The line containing "Sistema de almacenamiento" marks the end; write out exactly every line from the start of the data up to and including it, without the pictures.
[[ PROVIDED DATA, beginning ]]
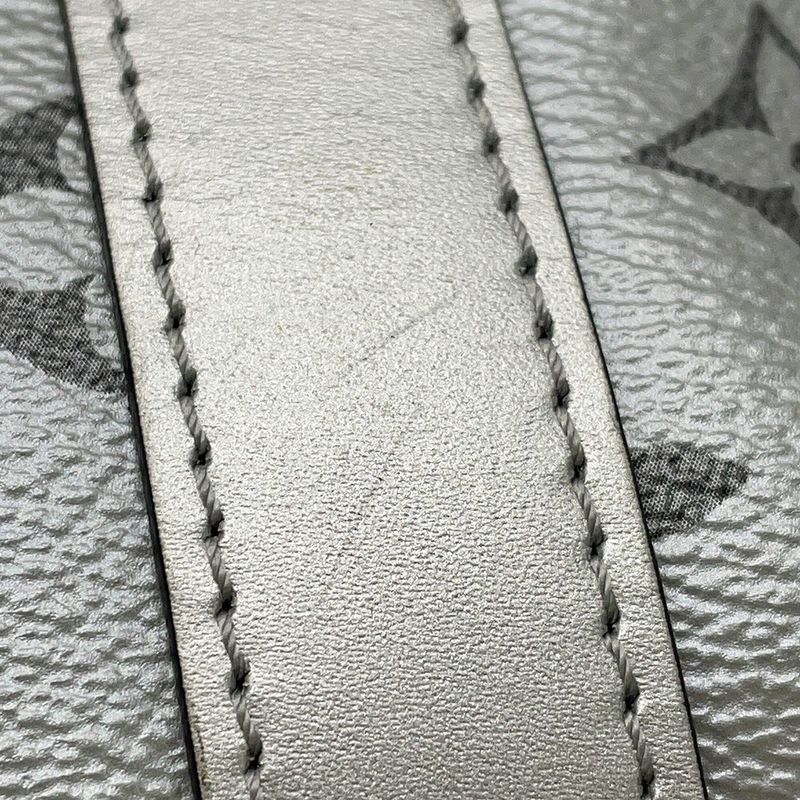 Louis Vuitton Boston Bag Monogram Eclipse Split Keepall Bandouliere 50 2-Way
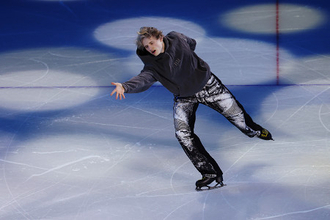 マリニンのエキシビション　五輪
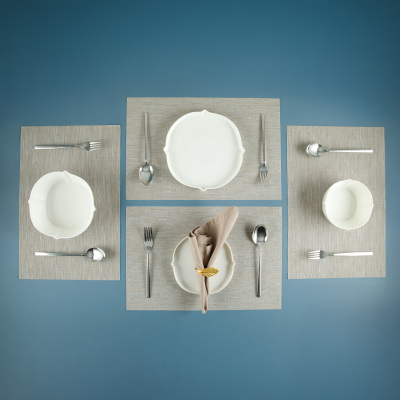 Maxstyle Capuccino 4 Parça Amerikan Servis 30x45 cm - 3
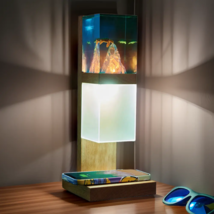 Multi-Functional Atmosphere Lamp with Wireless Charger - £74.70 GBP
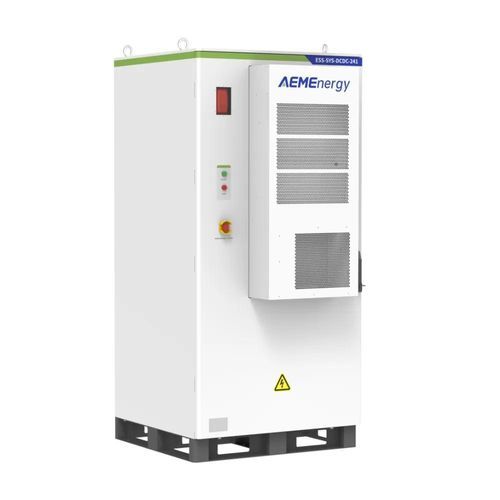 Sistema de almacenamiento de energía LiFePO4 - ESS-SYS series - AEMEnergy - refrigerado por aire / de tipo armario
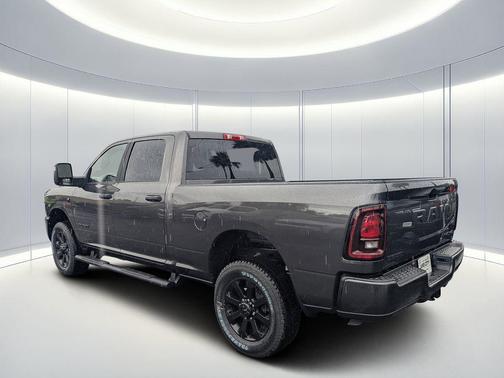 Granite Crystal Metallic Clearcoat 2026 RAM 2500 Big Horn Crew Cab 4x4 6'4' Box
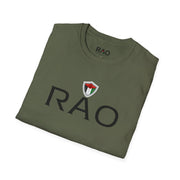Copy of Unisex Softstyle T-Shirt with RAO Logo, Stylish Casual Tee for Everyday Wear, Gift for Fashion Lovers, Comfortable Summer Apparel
[[ PROVIDED DATA, end ]]
YOUR SOLUTION:
 Louis Vuitton Boston Bag Monogram Eclipse Split Keepall Bandouliere 50 2-Way
 マリニンのエキシビション　五輪
 Maxstyle Capuccino 4 Parça Amerikan Servis 30x45 cm - 3
 Multi-Functional Atmosphere Lamp with Wireless Charger - £74.70 GBP
 Sistema de almacenamiento de energía LiFePO4 - ESS-SYS series - AEMEnergy - refrigerado por aire / de tipo armario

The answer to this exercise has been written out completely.